CHALLENGES IN THE SKILL’SCAPE’

CHALLENGES IN THE SKILL’SCAPE’

For the past few years, people have cried themselves hoarse over the demographic dividend India has and the need for massive skill development efforts. Furthermore the lack of skill infrastructure has been time and again highlighted. Though significant contribution is expected from the private sector, the entire skill development initiative is viewed only through the social spectacles and any effort to profit from such efforts considered anathema, at least in circles that matter.

This write-up is our perception of some of the challenges that hinder efforts to provide skill training and thus sustainable careers to the youth of this country. We have also attempted to enunciate some of the solutions.

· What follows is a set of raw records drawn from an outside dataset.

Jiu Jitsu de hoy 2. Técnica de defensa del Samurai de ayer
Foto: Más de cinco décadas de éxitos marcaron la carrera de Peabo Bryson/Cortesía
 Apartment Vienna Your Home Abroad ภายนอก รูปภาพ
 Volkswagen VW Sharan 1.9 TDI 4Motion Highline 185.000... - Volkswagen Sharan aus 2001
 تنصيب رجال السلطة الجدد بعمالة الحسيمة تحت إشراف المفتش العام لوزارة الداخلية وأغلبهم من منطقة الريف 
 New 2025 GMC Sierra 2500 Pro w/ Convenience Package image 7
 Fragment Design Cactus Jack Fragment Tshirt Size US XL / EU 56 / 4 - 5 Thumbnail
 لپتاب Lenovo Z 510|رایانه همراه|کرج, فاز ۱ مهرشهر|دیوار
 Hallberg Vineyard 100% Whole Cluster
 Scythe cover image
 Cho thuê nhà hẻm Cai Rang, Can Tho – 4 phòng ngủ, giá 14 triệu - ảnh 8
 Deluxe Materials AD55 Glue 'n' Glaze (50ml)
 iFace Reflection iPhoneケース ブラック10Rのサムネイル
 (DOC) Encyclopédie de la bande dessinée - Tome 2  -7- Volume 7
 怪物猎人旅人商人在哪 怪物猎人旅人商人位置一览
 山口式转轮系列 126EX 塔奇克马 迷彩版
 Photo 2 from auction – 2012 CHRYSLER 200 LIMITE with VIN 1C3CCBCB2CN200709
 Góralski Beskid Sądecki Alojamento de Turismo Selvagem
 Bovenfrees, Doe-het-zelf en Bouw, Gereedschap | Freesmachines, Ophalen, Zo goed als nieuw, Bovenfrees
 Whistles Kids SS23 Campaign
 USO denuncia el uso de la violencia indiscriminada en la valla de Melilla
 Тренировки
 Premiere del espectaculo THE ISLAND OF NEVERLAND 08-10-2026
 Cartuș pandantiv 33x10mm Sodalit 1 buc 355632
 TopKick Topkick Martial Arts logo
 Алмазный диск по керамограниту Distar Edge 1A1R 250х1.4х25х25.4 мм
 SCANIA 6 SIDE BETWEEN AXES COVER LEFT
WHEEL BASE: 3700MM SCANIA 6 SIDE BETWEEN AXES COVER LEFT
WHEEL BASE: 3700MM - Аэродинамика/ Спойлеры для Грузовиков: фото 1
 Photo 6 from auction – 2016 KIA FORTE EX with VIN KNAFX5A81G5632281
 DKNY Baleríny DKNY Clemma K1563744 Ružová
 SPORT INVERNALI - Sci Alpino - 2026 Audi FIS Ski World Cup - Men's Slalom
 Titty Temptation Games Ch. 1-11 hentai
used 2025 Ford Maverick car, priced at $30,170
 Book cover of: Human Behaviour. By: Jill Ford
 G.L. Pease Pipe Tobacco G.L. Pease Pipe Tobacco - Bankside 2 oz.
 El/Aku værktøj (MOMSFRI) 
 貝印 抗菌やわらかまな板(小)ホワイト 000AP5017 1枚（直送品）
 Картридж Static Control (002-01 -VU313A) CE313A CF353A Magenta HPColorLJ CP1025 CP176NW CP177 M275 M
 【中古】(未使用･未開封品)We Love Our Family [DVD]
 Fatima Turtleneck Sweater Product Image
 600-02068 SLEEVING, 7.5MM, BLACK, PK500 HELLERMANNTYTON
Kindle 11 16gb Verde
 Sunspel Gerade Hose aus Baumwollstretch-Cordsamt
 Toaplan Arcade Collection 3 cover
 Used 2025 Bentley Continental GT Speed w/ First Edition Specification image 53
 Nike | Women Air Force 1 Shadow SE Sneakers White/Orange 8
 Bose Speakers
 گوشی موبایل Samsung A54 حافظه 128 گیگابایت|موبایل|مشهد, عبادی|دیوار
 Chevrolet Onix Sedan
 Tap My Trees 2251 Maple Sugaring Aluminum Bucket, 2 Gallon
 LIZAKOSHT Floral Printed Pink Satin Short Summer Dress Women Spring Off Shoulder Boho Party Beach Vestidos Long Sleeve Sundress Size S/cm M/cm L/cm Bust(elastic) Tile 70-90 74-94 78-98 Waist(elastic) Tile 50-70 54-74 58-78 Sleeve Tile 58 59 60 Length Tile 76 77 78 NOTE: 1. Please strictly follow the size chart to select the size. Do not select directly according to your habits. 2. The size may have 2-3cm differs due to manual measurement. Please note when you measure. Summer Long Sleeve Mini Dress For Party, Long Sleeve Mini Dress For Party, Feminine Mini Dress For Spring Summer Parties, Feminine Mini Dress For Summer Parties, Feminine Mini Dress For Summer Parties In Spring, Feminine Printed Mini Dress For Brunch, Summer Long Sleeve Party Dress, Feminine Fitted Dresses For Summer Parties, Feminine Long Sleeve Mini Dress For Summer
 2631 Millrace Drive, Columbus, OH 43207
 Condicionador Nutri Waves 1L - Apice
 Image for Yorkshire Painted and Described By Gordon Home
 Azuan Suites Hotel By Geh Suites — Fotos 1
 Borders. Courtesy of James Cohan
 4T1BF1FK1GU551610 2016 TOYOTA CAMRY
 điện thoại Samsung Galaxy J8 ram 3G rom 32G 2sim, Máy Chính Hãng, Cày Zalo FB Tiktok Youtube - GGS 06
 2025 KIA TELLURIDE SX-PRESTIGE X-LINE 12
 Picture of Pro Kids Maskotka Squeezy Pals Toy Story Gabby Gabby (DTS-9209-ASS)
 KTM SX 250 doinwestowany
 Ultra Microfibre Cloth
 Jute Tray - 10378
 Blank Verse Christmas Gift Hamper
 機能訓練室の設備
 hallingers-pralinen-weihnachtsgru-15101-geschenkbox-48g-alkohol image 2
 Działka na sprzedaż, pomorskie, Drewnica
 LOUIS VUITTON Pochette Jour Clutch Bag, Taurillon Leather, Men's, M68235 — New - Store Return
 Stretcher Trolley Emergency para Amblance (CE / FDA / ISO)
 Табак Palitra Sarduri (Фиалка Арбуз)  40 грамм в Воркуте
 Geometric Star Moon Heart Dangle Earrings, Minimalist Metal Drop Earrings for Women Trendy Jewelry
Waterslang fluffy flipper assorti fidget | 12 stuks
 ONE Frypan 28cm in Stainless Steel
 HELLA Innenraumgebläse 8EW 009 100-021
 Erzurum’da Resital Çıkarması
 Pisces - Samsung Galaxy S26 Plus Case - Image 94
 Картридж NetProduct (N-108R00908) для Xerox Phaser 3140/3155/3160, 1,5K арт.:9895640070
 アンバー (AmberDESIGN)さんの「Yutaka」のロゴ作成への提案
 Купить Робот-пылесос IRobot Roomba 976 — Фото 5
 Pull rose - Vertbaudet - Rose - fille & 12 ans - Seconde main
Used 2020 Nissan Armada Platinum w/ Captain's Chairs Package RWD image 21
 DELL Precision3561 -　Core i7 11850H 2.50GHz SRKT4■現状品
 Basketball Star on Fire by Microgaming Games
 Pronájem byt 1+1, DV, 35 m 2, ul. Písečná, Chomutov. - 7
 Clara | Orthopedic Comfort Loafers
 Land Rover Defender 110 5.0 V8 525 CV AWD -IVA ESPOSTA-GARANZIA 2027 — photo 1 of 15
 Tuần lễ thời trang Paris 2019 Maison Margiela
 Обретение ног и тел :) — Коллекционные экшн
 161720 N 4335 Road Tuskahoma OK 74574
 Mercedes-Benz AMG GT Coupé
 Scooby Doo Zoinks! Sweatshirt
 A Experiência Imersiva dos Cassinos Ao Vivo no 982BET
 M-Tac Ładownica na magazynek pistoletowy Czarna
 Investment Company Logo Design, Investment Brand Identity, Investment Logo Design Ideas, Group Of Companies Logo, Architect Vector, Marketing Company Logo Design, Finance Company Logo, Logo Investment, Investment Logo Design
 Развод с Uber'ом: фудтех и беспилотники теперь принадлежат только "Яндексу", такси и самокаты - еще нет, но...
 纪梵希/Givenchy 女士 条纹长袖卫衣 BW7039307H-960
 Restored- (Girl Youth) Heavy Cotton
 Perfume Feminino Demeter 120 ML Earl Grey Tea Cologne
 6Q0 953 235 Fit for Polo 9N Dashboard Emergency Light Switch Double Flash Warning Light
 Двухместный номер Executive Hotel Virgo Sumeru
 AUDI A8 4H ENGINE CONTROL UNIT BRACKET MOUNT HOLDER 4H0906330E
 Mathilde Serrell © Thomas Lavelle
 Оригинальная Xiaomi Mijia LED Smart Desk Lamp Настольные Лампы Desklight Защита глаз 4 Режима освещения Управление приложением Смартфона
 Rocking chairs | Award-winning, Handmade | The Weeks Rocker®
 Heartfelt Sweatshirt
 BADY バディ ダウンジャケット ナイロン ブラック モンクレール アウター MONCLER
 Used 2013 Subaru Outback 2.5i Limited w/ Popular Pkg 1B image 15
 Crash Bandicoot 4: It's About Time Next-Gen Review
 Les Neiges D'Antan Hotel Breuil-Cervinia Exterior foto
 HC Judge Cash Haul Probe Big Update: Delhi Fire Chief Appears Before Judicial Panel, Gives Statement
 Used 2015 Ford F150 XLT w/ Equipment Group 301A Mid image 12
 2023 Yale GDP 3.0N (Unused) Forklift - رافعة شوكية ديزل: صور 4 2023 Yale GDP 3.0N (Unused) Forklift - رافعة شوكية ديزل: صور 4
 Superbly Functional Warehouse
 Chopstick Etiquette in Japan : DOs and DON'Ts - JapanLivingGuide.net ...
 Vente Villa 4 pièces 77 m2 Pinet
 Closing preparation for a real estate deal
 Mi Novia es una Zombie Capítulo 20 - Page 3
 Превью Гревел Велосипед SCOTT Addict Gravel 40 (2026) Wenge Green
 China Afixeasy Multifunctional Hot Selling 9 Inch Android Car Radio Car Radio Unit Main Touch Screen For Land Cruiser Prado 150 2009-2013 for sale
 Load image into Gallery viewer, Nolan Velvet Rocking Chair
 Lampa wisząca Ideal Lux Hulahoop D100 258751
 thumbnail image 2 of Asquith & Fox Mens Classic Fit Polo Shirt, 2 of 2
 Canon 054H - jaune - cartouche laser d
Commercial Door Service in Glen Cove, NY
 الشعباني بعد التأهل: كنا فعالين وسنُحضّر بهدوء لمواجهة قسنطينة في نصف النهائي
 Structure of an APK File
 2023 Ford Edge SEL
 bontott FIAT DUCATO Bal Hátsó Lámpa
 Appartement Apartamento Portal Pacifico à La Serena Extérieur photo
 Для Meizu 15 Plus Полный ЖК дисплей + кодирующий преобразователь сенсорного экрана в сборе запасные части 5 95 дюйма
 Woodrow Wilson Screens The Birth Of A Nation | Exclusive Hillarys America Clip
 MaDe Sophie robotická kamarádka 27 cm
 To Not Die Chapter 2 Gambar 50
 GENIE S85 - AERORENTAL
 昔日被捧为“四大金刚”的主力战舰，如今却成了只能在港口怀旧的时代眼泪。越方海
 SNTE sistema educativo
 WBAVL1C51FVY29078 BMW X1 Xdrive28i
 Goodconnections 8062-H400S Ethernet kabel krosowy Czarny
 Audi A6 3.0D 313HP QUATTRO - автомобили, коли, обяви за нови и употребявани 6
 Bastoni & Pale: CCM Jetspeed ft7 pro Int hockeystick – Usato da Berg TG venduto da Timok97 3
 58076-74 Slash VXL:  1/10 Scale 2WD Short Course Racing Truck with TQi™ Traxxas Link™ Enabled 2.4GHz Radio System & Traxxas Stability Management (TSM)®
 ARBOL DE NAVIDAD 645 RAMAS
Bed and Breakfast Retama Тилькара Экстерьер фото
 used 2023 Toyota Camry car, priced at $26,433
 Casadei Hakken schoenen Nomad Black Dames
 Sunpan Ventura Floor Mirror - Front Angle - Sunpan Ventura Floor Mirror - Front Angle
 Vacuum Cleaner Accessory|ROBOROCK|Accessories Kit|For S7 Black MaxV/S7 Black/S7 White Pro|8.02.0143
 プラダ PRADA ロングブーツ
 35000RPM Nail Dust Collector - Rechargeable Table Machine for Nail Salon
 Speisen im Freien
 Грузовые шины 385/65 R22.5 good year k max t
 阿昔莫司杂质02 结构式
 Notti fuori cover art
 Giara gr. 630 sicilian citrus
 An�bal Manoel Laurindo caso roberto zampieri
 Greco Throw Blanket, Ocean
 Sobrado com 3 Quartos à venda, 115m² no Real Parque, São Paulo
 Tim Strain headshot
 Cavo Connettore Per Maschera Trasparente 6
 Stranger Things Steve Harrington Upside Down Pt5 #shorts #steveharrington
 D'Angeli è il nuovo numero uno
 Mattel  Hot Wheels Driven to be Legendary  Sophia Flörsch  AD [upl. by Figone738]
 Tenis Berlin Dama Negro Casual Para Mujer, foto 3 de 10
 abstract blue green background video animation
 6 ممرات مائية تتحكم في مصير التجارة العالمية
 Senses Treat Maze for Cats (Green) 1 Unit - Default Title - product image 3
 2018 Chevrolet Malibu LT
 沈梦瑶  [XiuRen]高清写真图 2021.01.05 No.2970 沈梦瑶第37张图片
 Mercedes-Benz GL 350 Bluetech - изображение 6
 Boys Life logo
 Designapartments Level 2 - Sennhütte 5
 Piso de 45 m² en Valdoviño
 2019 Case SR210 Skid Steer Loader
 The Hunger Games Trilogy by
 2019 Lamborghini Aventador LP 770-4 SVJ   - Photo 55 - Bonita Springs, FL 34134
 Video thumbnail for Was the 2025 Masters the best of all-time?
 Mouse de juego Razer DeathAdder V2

The root(s) of the problem:  So, what is the problem? Why the need to provide skill development training to millions of people that too within a specified time frame? (Mission Five Hundred Million by 2022 is the target set by Government of India). The Indian academic system has its origins in the British system of Education, which was imposed in India when the British ruled the Nation. The need of the hour was for people who could perform a determined set of functions by rote; clerks, accountants, peons and other such office bearers. Get educated and get a job that would ensure survival and a secure way of living. Technology made several traditional skill trades obsolete and craftsmen and artisans declined. All this is old story but please bear with me some more.  

In short education became a gateway to a job and secure living. Soon the focus shifted to obtaining certification with or without the concomitant learning.  It is sad that education and learning are not viewed as synonyms in our country. With the explosion in technology and business growth around the world and India becoming a key economic player, skilled personnel are in ever increasing demand in Manufacturing, Agriculture and the Services Sectors.

The average age of the working class in many parts of the world has crossed forty and fifty, with the next crop of generation yet to reach employable age. India, on the other hand has a majority of its population under the age of thirty-five with up to seventy percent of the population expected to reach the prime employable age by the year 2022.

The conventional academic system is complex and mostly focused on creating students with successful certifications rather than skills. It is nigh on impossible to change this system, swiftly. Hence the need for bridge training programs that would qualify candidates better for jobs they choose. This is the problem and the opportunity in skill development training.